A l'ombre de l'oeuvre de Sénèque, Joë Bousquet et de Pascal Quignard Catherine Smits poursuit une quête poétique en toute discrétion - trop sans doute. Elle suggère pourtant des angles de vie et de vue importants. L'amour y fait son noeud vivant, tellurique et marin. Il propose un rosaire érotique dans le prieuré d'une union où chacun devient apôtre de l'autre dans les morsures du désir. D'où des mélopées qui ressemblent à des blues insistants . Où la cérémonie des corps se fait dans ceux des jours pour lutter contre l'absence, le silence et bien sûr la mort qui fera un jour son trou en chacun de nous. Pour l'heure Catherine Smits s'arrime à l'essentiel : des agencements de lumière pendant que les corps vont et se rejoignent.
Entretien :
Qu'est-ce qui vous fait lever le matin ?
Le chant du coq de mon voisin, le moindre rai de lumière. J'ouvre les yeux et chaque matin, je me dis: " Je suis encore vivante". Rien que ce constat me fait bondir hors du lit . Encore une journée§ C'est mon premier bonheur du jour.

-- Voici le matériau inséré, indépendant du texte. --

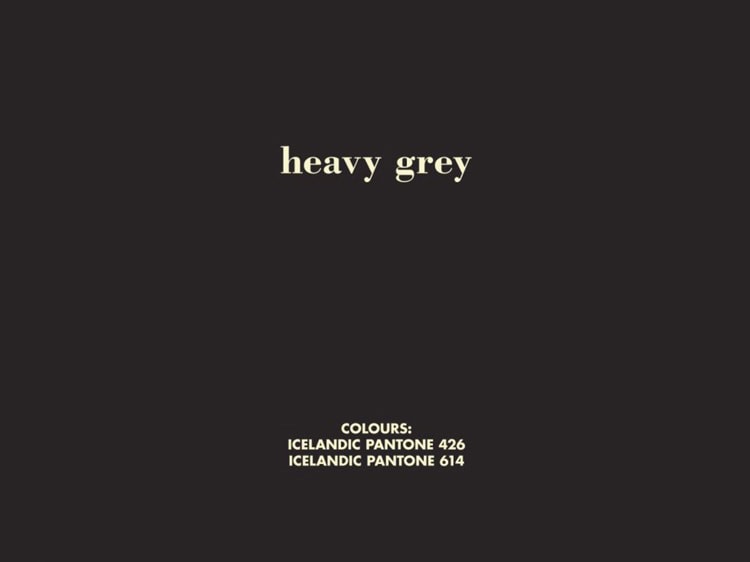 Birgir Andr&eacute;sson Sean Kelly Gallery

Que sont devenus vos rêves d'enfant?
Adultes! Je pense que je cultive ma présence enfantine au monde. J'aime beaucoup ces mots de Peter Handke : " Lorsque l'enfant était enfant, il a lancé un bâton contre un arbre, comme une lance. Et elle y vibre toujours".
C'est exactement celà; l'enfance vibre toujours en moi.
A quoi avez-vous renoncé?
A être mère
D'où venez-vous?
J'ai envie de reprendre le bon mot de Pierre Dac" Je suis moi, je viens de chez mi et j'y retourne ". Plus sérieusement , je l'ignore . Je suis beaucoup plus préoccupé par cette question : " Pourquoi suis-je là?"
Qu'avez-vous reçu en dot ?
Je dois beaucoup à mes parents. A commencer par la vie qu'ils m'ont donnée et que j'aime tant. Ce qui me compose essentiellement ( sensibilité, sobre élégance, curiosité) me vient d'eux.
Un petit plaisir- quotidien ou non?
Un carré de chocolat. Noir.
Qu'est-ce qui vous distingue des autres écrivais et artistes?
Je ne suis ni artiste ni écrivain. Et quand bien même on me définirait comme telle, je ne pense pas en termes de différence mais de " reliance" , si chère à Edgard Morin .
Comment définiriez-vous votre approche de la poésie ?
Approche-t-on jamais la poésie?Et si c'était elle qui s'approchait de moi par ces tout petits riens insaisissables de la vie? "Le monde est élection du poème/ quand le soleil se lève, il se lève dans le poème." L'amour est poésie, la jouissance , comme aptitude à savourer , est poésie . Il y a dans la vie un foyer permanent de poésie . Elle bous frôle ou pas . Personnellement, je ressens ces effleurements et je tente- je dis bien " je tente"- de les écrire. C'est une question vitale.
Quelle est la première image qui vous interpella?
Mon père en train de pleurer .
Et votre première lecture?
Grâce à ma mère, enseignante, j'ai appris à ire très tôt. Un peu avant mes cinq ans, je dévorais les " Oui-Oui" , puis les " Comtesse de Ségur" . Avant celà, mon enfance fut bercée de contes et récits merveilleux . Je me souviens encore très bien de Delphine et Marinette dans les Contes du Chat perché et du regard d'Alice au pays des merveilles dans mon livre illustré.
Quelles musiques écoutez-vous?
Ma mère m'a initiée à l'péra très jeune, je joue du piano. De la musique classique donc( Mozart, Fauré, Schubert) mais aussi beaucoup de chansons à textes ( Ferré, Brel, Barbara, Ferrat, Beaucarne...) Tout cela en alternance avec le silence.
Quel est le livre que vous aimez relire?
Il ne se passe pas un jour sans que je n'ouvre, au hasard. " Les lettres de Lucilius" de Sénèque. Je relis parfois " Construction d'un château" de Robert Misrahi et " les affinités électives" de Goethe. " Les petits traités" de Pascal Quignard aussi.
Quel film vous fait pleurer?
Petite, le film " L'arbre de Noël" m'arrachait des sanglots . Adulte" La liste de Schindler"
Quand vous vous regardez dans un miroir qui voyez-vous?
Je ne sais pas . L'image d'une femme. Des contours. Un reflet. La plus belle école du regard sur soi, c'est celui que les autres posent sur moi. Ce qu'ils me renvoient. En bien comme en mal. Le miroir renvoie une forme . Les autres me renvoient un fond.
A qui n'avez-vous jamais osé écrire?
A Philippe Sollers .
Quel(le) ville ou lieu a pour vous valeur de mythe?
Sans aucune hésitation : Venise! Et précisément une ruelle : Corte Bollani... Du sang vénitien coule dans mes veines . Cadeau maternel.